Zeng Mi ist einer der Meister, die sich noch in langer,
anspruchsvoller Schulung die verfeinerte Technik und die
ästhetischen und erkenntnistheoretischen Prinzipien der
chinesischen Tuschemalerei angeeignet haben. Die komplexe, in
vielen Jahrhunderten entwickelte Tradition der chinesischen
Tuschekunst nennt er groß und kostbar, er fühlt sich ihr sehr
bewusst und tief verbunden. Gleichwohl lässt er sich von ihren
Gesetzen und Vorgaben nicht einschränken. Behutsam, aber kraftvoll
überschreitet er ihre Grenzen, soweit sie ihn hindern, seine
Eigenart, seinen Gestaltungswillen und seine Offenheit für die
Einflüsse fremder Kulturen zum Ausdruck zu bringen. Aus
kalligraphischen Aufschriften seiner Bilder lässt sich erkennen,
dass er diesen Weg nicht ohne innere Widerstände gegangen ist.

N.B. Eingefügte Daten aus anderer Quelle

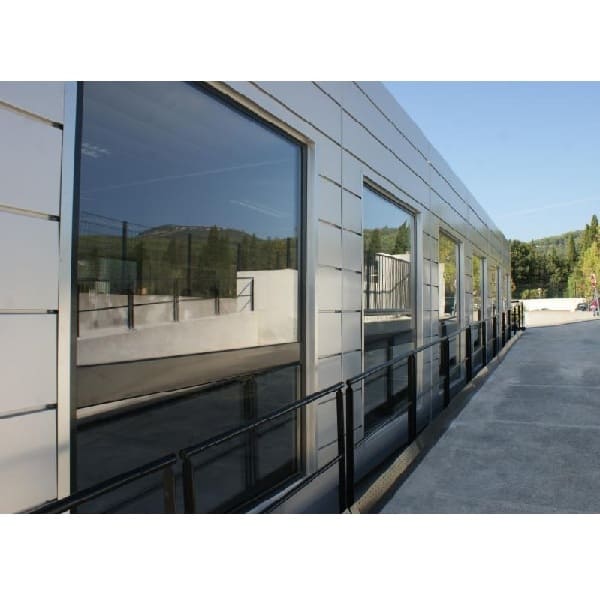 Construction modulaire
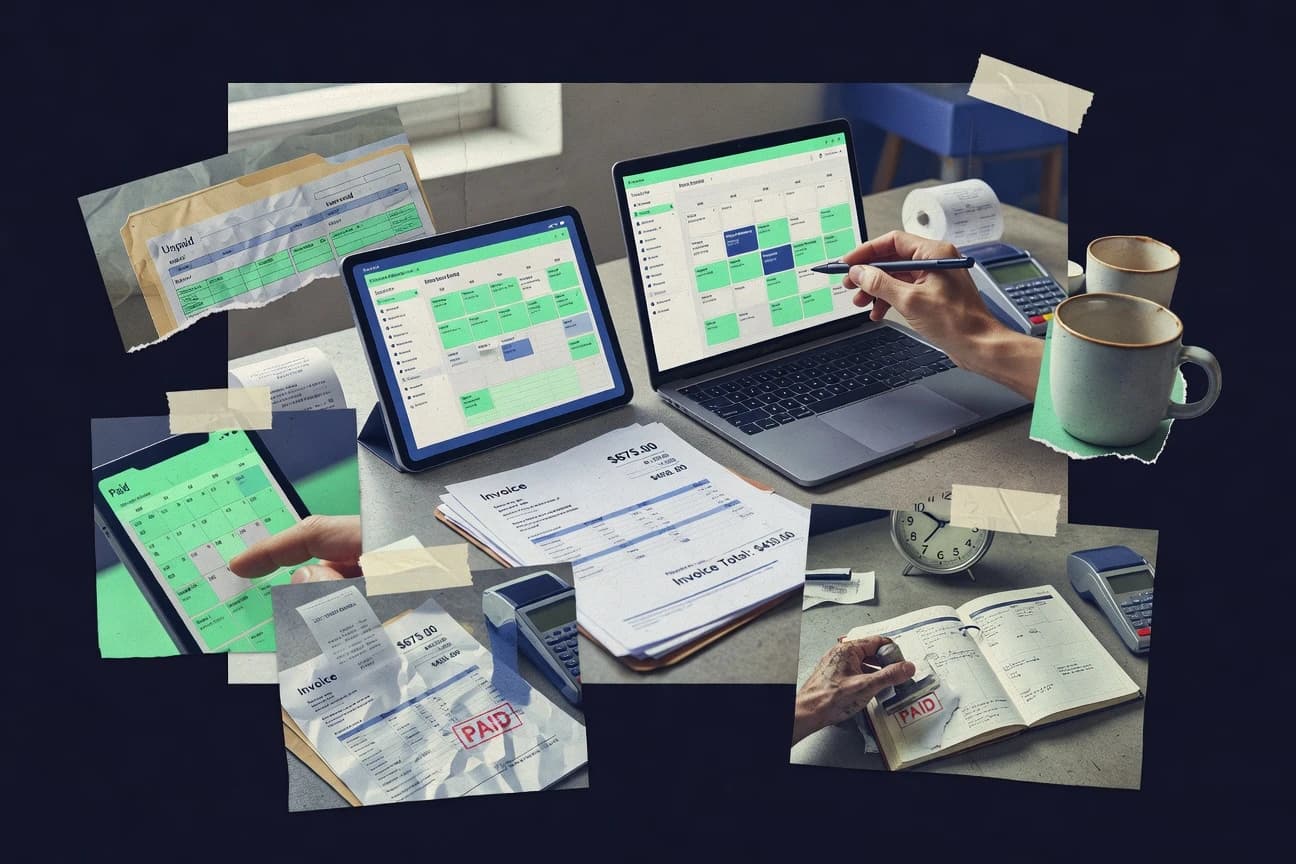 Top 10 Best Scheduling Invoicing Software of 2026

Festgehalten hat Zeng Mi an der »zentralen Möglichkeit des
Ausdrucks durch die Linie, die der Pinsel zieht« (Zeng Mi). Der
raffiniert gebaute chinesische Tuschepinsel ist im Zusammenspiel
mit den Eigenarten von Yuanpapier oder Seide als Malgrund ein
hochsensibles Instrument, das geeignet ist, jeder auch unbewussten
Intention des Künstlers zu folgen. Anders als in der europäischen
Malerei hat der Strich des chinesischen Tuschemalers ein
Eigenleben; er verbreitert oder verschmälert sich, wechselt
zwischen Hell und Dunkel, oder trennt sich in der Technik des
›überflogenen Weiß‹ in mehrere Linien, zwischen denen der helle
Untergrund aufscheint; er kann ›nass‹ oder ›trocken‹ sein, und das
alles in einem einzigen Zug, einem Rhythmus folgend, der, bewusst
gesetzt, in einer eigenständigen Beziehung zum dargestellten Thema
steht.
3.
Wie verfeinert die Handhabung dieser malerischen Mittel ist, lassen
die Bezeichnungen für die 18 Stricharten ahnen, die im
Senfkorngarten, einem berühmten Lehrbuch aus dem 17.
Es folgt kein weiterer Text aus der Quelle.